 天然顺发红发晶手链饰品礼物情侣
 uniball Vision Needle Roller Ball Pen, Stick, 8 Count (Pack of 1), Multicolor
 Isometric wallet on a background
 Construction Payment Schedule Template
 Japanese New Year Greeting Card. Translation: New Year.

* * *

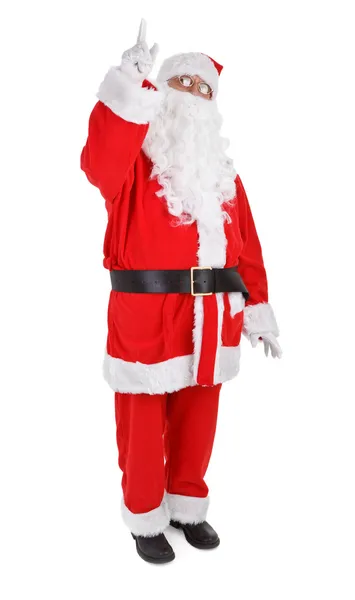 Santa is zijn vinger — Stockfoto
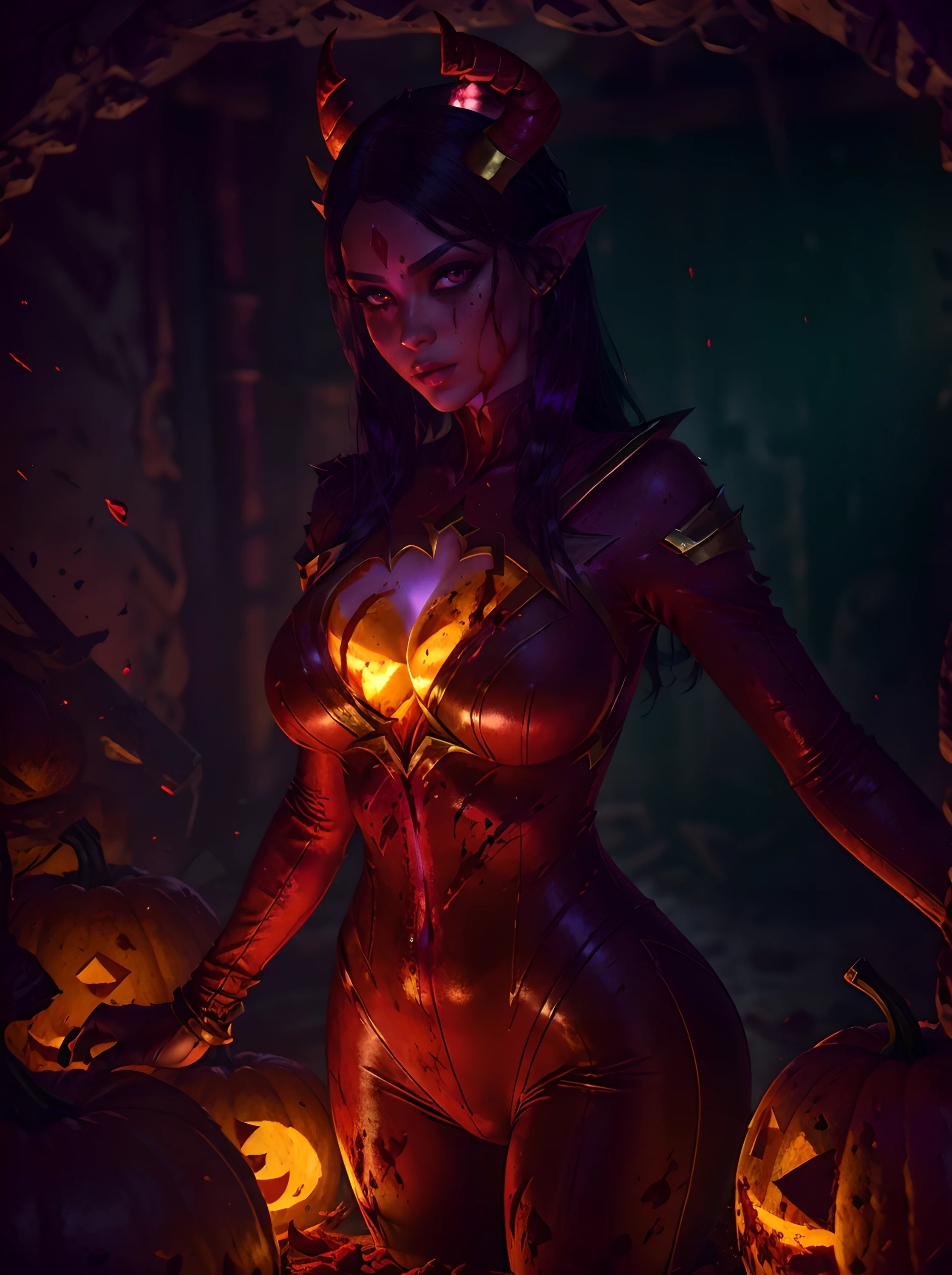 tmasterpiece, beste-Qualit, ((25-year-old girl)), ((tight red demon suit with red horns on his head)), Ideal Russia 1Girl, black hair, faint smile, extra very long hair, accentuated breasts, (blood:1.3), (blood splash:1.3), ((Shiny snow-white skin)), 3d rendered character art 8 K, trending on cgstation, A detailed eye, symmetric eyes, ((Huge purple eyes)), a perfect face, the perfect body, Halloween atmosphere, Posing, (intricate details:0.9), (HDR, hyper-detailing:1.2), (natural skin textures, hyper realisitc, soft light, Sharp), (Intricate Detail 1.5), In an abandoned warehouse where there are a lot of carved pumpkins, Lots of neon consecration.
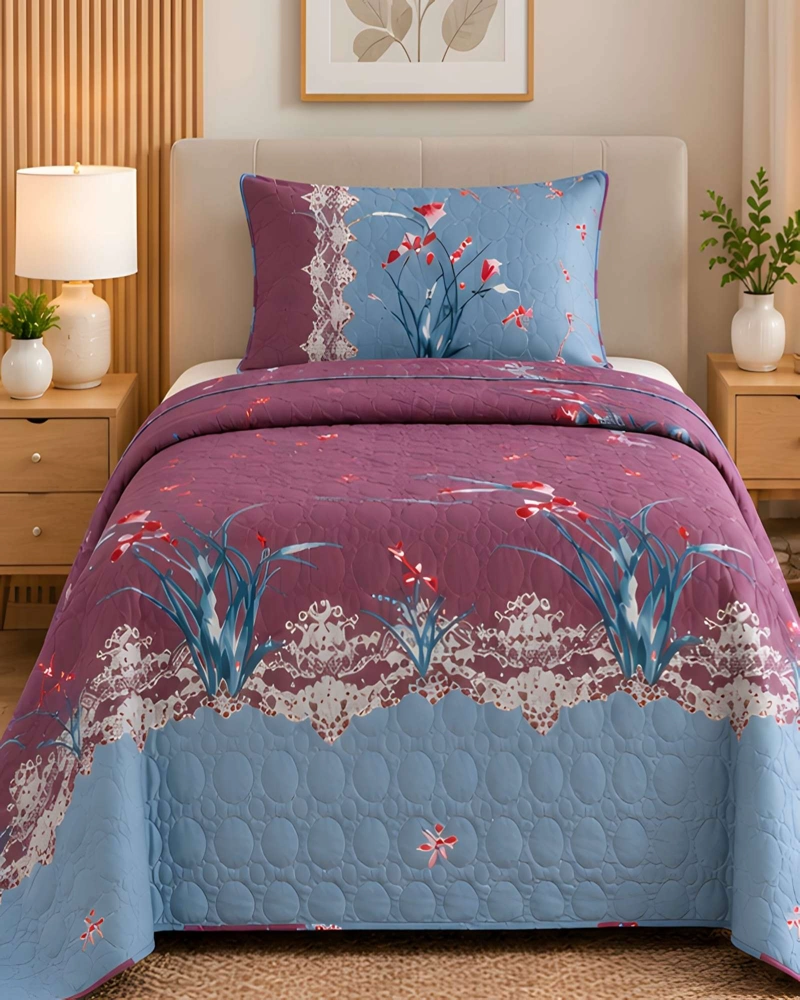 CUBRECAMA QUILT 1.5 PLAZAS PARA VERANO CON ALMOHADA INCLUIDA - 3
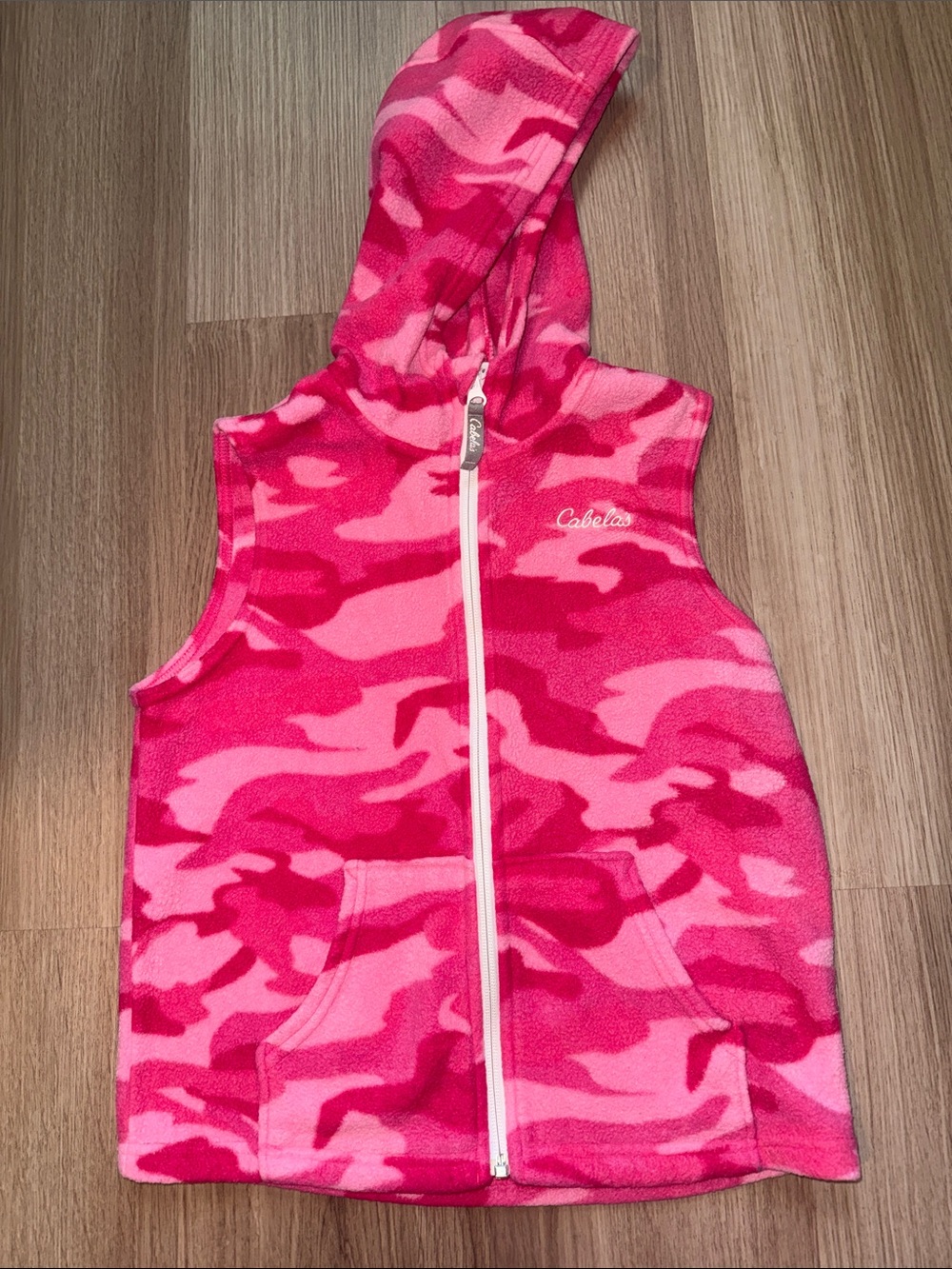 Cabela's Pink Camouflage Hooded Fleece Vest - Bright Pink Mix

* * *

__Activity__.
Using the material above, reproduce only the lines that run from the line with "CUBRECAMA QUILT 1.5" up to and including the line with "Cabela's Pink Camouflage", exactly, with the pictures dropped.

__Written answer__.
 CUBRECAMA QUILT 1.5 PLAZAS PARA VERANO CON ALMOHADA INCLUIDA - 3
 Cabela's Pink Camouflage Hooded Fleece Vest - Bright Pink Mix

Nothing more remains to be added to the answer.